消費者と循環の輪を広げる新アップサイクル
「Live News α」では、一橋ビジネススクール教授の鈴木智子さんに話を聞いた。
海老原優香キャスター:
ーーこれまでにないアップサイクルの提案、いかがですか?

一橋ビジネススクール教授・鈴木智子さん:
ファッションの世界は常に進化しています。単にサステナブルというだけでは、もう新鮮さはありません。
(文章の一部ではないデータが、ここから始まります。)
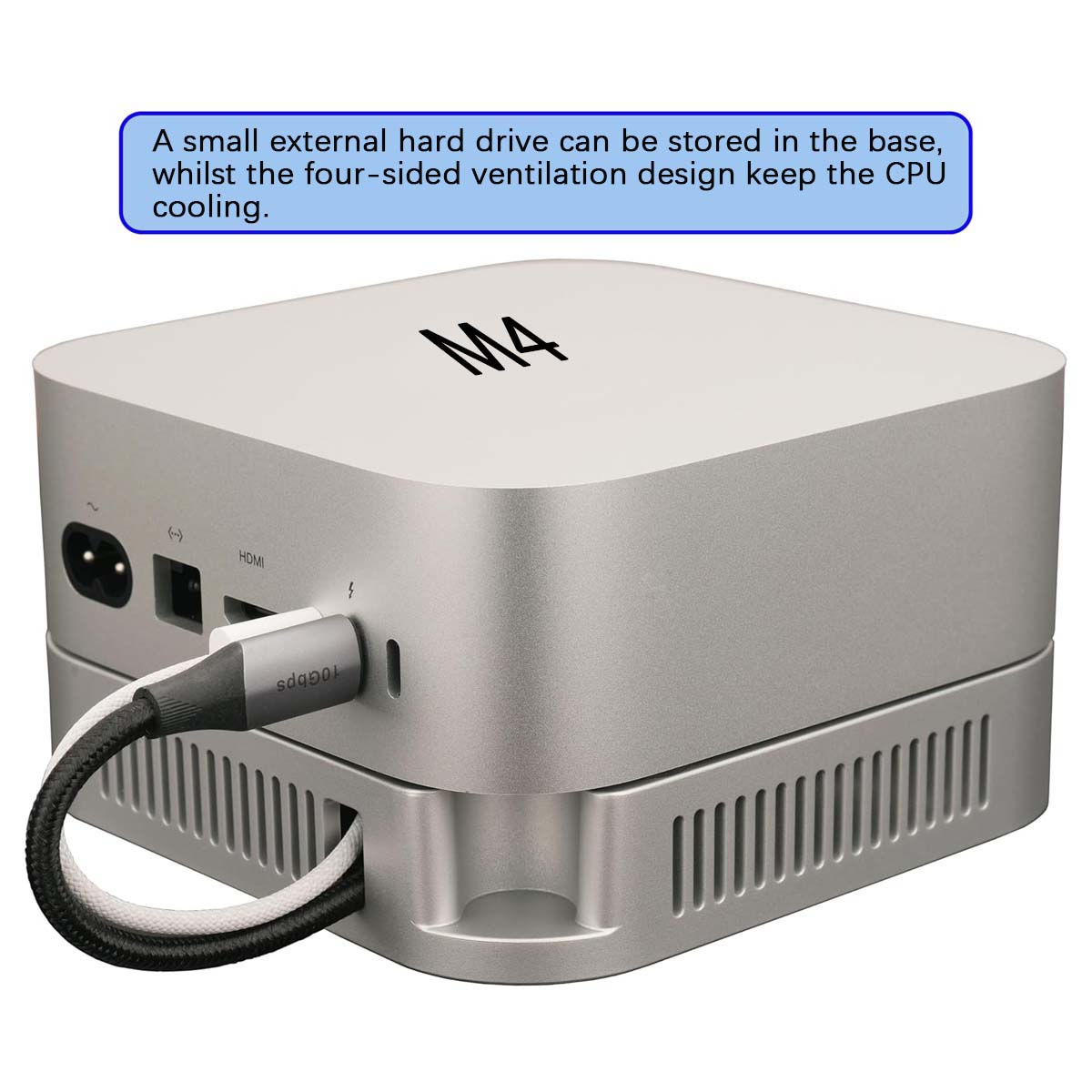 Support pour Mac Mini M4/M4 Pr - Cooling Stand Tablet avis et prix
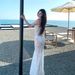 Verve Super Fairy Summer Sexy Pure Desire Bikini Three-Piece Set Beach Long Dress Lace Sheer Whe Small Chest Gathered_ecoleips.com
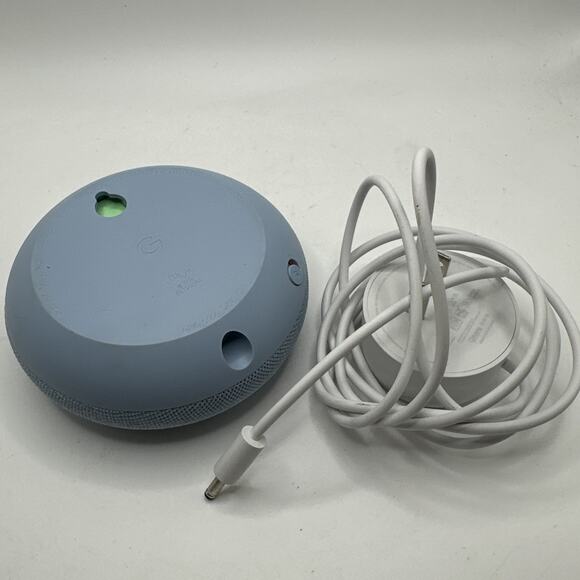 Google Home Mini Smart Speaker with Google Assistant - Blue (GA00210-US) - Picture 4 of 5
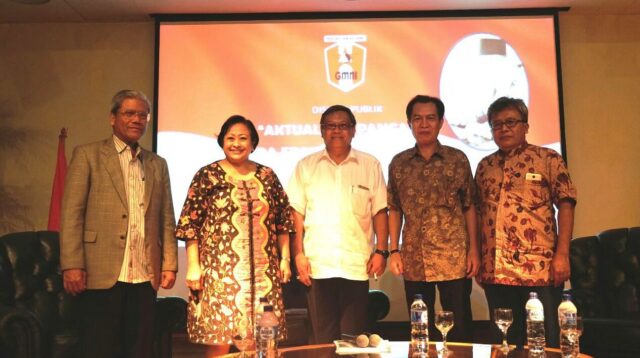 Dewan Pakar PA GMNI Gelar Seminar Untuk Beri Isi Ditetapkannya Hari Lahir Pancasila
アップサイクルもネクストステージを迎え、魅力のある“プラスα”の要素が求められています。
今回の試みは、洋服を作るプロセスに、古着という素材の提供として消費者を巻き込みながら循環の輪をより大きく、力強く回すアップサイクルの提案になっています。
これはファッション産業が抱える、大きな課題への1つの答えになっているかもしれません。
海老原キャスター:
ーー課題解決への答えとは、どういうことでしょうか?
一橋ビジネススクール教授・鈴木智子さん:
ファッション産業は排出されるCO2の1割を占め、さらに、大量生産・大量消費・大量廃棄されることで、石油産業に続いて世界で2番目に地球に優しくない産業とされています。
そのため、多くのアパレル企業が古着の回収などを行っているのですが、提供される古着の質が問題となり、結局、誰にも着られず、ただのゴミとなるケースが問題になっています。
今回の試みは、寄付やアップサイクルの質を高める可能性があります。
自分の手元に戻る仕組みが当事者意識を高める
海老原キャスター:
ーー質を高めるとは、どういうことでしょうか?

一橋ビジネススクール教授・鈴木智子さん:
これまでは着なくなった洋服を捨ててしまうのは「モッタイナイ」から、誰かが再び着てくれるのを期待して寄付をしていました。
今回の取り組みでは「モッタイナイ」が、「モットイイ」に変わって、誰かではなく、自分のもとにアップサイクルされた洋服が返ってくることで、循環の輪に参加する当事者意識が高まり、高品質な古着が集まりやすくなる、とても効果的な仕組みだと感じます。
海老原キャスター:
私たちの暮らしに欠かせない洋服が、どのように作られているのかを、気にして購入している方が増えているように思います。
そうして着ていた洋服を手放した際にも、古着を寄付して満足するだけではなく、その先にも気を配る必要があるようです。